Key finding The strongest predictor of vocal SDR is 'Chroma variance (harmonic complexity)' (r = 0.522). Tracks with higher harmonic-to-percussive ratio tend to separate more cleanly.

Methodology

Audio features were extracted from each MUSDB18-7s mixture using librosa. These features were then correlated with the per-track SDR values from the htdemucs_ft model comparison run (Test 2) using Pearson r.

Features computed:

  • RMS energy (overall loudness)
  • Spectral centroid (brightness)
  • Spectral flatness (how tonal vs noisy the signal is)
  • Zero crossing rate (noisiness proxy)
  • Harmonic and percussive energy (via HPSS decomposition)
  • Harmonic-to-percussive ratio
  • Onset density (rhythmic activity)
  • Chroma variance (harmonic complexity)
  • Vocal band energy (200Hz-3kHz)

Each feature was correlated separately with vocal, drums, bass, and other SDR. The table shows the top predictors for vocal SDR specifically.

Interpretation

A positive correlation means tracks with a higher feature value tend to produce higher SDR. A negative correlation means the feature is associated with worse separation.

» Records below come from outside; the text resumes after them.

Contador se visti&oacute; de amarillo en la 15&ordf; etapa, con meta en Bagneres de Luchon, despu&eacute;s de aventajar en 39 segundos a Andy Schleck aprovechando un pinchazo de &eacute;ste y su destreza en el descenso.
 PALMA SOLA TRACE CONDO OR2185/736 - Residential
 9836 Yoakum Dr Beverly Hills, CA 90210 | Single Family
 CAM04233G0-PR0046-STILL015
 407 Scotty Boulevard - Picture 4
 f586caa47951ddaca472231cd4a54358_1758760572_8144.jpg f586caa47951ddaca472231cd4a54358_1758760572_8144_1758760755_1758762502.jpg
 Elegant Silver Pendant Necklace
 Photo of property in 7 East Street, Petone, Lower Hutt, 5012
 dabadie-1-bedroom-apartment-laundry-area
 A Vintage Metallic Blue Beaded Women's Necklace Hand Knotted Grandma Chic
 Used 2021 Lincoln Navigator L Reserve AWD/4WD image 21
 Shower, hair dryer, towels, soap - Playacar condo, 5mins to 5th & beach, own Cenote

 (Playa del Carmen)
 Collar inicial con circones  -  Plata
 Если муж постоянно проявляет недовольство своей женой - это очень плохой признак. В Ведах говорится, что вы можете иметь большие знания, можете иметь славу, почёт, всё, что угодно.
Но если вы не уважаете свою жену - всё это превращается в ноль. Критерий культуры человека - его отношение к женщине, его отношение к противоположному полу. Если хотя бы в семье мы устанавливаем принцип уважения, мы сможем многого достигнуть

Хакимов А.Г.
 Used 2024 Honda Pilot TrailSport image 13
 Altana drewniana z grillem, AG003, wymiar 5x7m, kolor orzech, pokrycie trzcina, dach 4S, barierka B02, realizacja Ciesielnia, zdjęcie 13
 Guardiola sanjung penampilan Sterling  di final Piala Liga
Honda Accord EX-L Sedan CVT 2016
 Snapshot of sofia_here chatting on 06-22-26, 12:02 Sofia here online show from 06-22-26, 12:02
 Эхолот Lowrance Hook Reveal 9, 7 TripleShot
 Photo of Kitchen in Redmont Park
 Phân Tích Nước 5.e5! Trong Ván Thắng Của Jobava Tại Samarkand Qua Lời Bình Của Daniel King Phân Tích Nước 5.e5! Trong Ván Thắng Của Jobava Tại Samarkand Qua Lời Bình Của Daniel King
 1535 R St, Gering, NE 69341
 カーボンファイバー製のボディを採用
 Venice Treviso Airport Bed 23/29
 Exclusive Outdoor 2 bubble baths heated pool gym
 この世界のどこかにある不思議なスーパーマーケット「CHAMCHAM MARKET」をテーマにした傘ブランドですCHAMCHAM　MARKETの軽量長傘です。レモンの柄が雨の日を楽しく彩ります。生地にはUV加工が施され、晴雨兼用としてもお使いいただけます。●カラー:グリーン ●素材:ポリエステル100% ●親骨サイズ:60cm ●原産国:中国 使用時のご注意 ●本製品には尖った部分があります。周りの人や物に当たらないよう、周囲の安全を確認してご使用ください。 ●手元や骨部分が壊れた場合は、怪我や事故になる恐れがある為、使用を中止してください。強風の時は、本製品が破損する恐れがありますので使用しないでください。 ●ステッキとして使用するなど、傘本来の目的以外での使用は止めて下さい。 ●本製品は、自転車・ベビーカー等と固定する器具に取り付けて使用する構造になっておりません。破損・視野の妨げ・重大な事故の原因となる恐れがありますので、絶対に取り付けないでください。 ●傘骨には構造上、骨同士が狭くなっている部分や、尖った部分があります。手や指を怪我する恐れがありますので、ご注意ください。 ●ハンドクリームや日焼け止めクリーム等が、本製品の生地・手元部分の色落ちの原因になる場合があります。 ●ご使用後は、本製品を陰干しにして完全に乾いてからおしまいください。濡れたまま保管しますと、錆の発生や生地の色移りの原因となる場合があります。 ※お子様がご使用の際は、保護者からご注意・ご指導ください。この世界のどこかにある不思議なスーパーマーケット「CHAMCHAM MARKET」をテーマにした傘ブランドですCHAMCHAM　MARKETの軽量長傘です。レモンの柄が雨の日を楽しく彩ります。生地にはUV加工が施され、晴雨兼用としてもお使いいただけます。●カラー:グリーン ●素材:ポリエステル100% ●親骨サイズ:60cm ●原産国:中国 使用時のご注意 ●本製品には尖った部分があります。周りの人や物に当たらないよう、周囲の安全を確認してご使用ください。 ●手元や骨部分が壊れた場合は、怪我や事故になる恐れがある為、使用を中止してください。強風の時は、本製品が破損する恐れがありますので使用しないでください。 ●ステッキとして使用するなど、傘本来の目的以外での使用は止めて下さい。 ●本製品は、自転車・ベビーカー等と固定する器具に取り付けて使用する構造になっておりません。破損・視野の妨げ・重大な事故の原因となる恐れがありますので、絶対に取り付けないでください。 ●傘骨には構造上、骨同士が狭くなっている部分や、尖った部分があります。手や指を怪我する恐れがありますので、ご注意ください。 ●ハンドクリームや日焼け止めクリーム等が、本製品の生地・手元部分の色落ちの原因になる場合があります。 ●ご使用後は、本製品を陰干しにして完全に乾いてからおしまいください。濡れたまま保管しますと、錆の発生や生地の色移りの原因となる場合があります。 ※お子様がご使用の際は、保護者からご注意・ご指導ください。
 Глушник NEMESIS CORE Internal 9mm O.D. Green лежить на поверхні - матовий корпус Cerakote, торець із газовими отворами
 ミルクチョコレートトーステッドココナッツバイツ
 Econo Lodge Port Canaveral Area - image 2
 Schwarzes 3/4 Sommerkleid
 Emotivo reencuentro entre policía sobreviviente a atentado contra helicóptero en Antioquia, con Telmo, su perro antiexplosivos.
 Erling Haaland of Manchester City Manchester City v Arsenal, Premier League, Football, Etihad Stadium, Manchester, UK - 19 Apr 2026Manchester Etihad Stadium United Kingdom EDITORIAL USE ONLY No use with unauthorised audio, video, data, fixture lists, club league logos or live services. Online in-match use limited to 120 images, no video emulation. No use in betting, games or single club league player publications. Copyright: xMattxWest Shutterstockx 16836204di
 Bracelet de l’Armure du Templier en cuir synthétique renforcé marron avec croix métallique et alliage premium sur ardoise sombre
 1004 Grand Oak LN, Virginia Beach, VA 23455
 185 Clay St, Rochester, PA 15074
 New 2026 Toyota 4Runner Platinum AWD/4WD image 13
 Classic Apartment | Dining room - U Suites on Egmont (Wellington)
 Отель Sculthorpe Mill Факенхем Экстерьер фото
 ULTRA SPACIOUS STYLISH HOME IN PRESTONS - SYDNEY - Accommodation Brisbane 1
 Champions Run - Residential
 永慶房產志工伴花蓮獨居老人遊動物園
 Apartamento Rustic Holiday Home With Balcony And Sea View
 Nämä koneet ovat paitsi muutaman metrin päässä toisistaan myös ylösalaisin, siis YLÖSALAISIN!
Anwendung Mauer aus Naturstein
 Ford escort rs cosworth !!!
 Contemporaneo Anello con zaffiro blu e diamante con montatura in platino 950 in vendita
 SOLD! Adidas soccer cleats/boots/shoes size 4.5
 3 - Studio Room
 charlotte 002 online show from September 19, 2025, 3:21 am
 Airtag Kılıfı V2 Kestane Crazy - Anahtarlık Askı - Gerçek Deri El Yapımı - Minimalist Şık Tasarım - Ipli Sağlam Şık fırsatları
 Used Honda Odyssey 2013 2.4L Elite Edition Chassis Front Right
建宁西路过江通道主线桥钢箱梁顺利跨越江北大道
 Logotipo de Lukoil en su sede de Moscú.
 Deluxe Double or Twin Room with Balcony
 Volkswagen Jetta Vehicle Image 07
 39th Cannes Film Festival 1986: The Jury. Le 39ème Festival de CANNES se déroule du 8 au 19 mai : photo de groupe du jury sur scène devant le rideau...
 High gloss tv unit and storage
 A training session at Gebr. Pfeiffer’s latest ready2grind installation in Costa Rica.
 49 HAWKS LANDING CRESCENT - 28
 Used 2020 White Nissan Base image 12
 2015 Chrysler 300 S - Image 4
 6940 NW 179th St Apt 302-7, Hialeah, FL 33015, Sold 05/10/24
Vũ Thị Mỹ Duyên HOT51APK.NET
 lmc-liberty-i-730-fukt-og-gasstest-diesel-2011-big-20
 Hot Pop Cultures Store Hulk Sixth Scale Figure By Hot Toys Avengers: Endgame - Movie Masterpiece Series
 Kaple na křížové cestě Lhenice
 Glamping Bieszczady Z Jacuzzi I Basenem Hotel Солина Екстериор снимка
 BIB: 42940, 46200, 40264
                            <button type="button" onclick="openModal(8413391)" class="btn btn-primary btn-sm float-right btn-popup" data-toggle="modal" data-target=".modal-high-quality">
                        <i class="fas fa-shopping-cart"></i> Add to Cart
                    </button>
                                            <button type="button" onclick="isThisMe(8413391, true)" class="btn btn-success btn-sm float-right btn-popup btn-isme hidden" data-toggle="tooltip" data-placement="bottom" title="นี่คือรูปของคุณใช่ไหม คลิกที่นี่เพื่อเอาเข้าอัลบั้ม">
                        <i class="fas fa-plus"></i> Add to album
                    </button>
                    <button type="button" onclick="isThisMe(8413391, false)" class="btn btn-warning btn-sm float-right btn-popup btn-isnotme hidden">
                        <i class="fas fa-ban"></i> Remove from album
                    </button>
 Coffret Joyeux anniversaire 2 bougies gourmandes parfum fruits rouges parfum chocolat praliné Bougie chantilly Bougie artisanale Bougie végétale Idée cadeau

Values close to 0 indicate no reliable relationship in this dataset.

Pearson r magnitudes above 0.3 are considered moderate; above 0.5 are substantial. With 50 tracks, even moderate correlations should be interpreted carefully.

Top Predictors of Vocal Separation Quality

Pearson r with vocal SDR. Positive r = higher feature value predicts better separation. Negative r = higher value predicts worse separation.

Audio Feature Pearson r n tracks
Chroma variance (harmonic complexity) 0.522 50
Spectral flatness (tonal vs noisy) -0.265 50
Zero crossing rate (noisiness) -0.256 50
Overall loudness (RMS energy) -0.235 50
Vocal band energy (200-3kHz) -0.221 50